Glow ahead, make my day
To tide fans over until Halo 4, 343 Industries' first major output is a remastering of Combat Evolved. But it's a vastly different proposition to hi-def remasterings such as Resident Evil 4 and Ico & Shadows of the Colossus Collection .
Where those updates simply polished last-gen games with HD resolutions and improved frame rates, Halo Anniversary Edition reconstructs the original's visuals from the ground up using Halo Reach's  engine. The results are nothing short of spectacular.
Total eclipse of the chart
An awe-inspiring labour of love, no polygon has been left unturned. 343 Industries has wrung every last drop from Reach's engine to modernise the decade-old graphics - even including 3D for those suitably equipped. And boy does it wants you to know it.
Switch it down
Just as The Secret of Monkey Island: Special Edition lets you switch between 'new' and 'old looks, so Halo Anniversary Edition allows you to flip between the new and original engines at any point in the game. Simply press the back button and a decade's worth of graphical advancements are undone in the blink of any eye.
Bay for blood
Obvious throughout, those advances are nonetheless most apparent in Halo's exteriors. Take the swamp in the level '343 Guilty Spark', for example. Switch to retro view and it's noticeably claustrophobic and lifeless. Muddily textured trees and mounds punctuate the barren gloom, while a static tree canopy barely protrudes through the surrounding fog.
A quick switch back to the Reach engine and the swamp is transformed into lush, verdant wetlands, where bioluminescent plants light the darkest corners with a panoply of colour and everywhere long grasses and tree branches sway in the breeze.
Cave of forgotten beams
Strikingly apparent outside, it's actually inside that benefits most from the overhaul. Most criticism levelled at the original centred on its repetitive interiors - nowhere more justifiably so than in 'The Library' and 'Silent Cartographer' levels.
In truth, the new engine does little more than paper over existing wallpaper, but it's transformative effect is nonetheless remarkable. Subtle shades of lighting break the monotonous architecture, while neon wall glyphs and additional floor markers disrupt the incessant déjà vu and minimise the backtracking that plagued Halo's most repetitive sections.
Damson in distress
Of course, a graphical overhaul counts for nothing if the gameplay doesn't stand the test of time. For the most part, it remains as peerless as ever. The evolving storyline - no mere pretext for absurd amounts of violence, no cardboard character cutscenes - continues to grip as a good sci-fi novel might.
And, despite years of innovation and advancement, no shooter has quite matched Halo's gunplay.
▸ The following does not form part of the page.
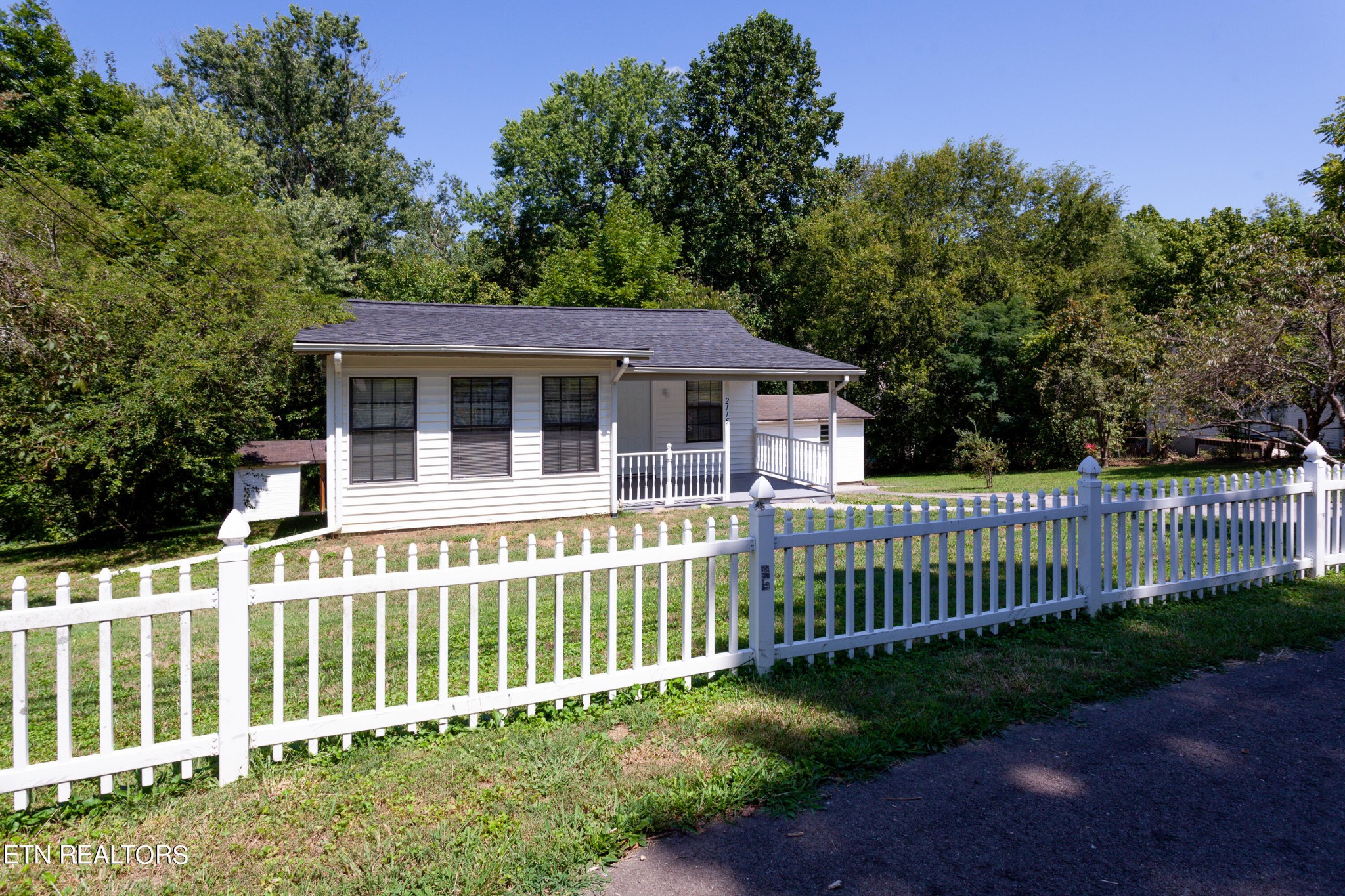 2115 Aster Road Knoxville, TN 37918 - Photo 5 of 39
Its narrow focus might seem rudimentary compared with the complex narratives, objectives and other ancillary distractions of modern shooters, but Halo was always unabashed in relying on scintillating sandbox combat alone.
No matter how many times you've toyed with it, that sandbox still manages to throw up the occasional surprise. Discovering a hidden camouflage perk, taking a slightly different route to flank enemies, capturing and flying a Banshee before the game hands you one – you always feel you're just skimming the surface of an infinite reservoir of possibilities.
The same is true of enemy AI, which is as delightfully fiendish and unpredictable on the hundredth play as it is on the first. The weaponry is, on the other hand, reassuringly predictable. One of gaming's tautest arsenals, individual weapons provide distinct advantages against specific enemies, from the ludicrously overpowered scoped pistol to my personal favourite, the Needler – its Pavlovian delights all the more lavish thanks to the Reach engine's resplendent explosions.
While the majority of the gameplay still stacks up, Halo's few weaknesses are naturally amplified through the lens of a decade's worth of advancements. A divisive enemy first time around, The Flood's single-minded attack patterns feel woefully repetitive in light of the recent zombie shooters such as Left 4 Dead.
Worse still, the level mirroring as you backtrack from 'The Library' towards 'The Pillar of Autumn' now feels too familiar, enervating the once-epic denouement.
Starting to look up
The sensation of déjà vu extends to multiplayer. Included as a DLC code or available as a separate purchase for Reach owners through Xbox Live, the Anniversary edition brings a new twist to six classic Halo maps through Reach's class-specific loadouts, such as the Armour Lock and Hologram.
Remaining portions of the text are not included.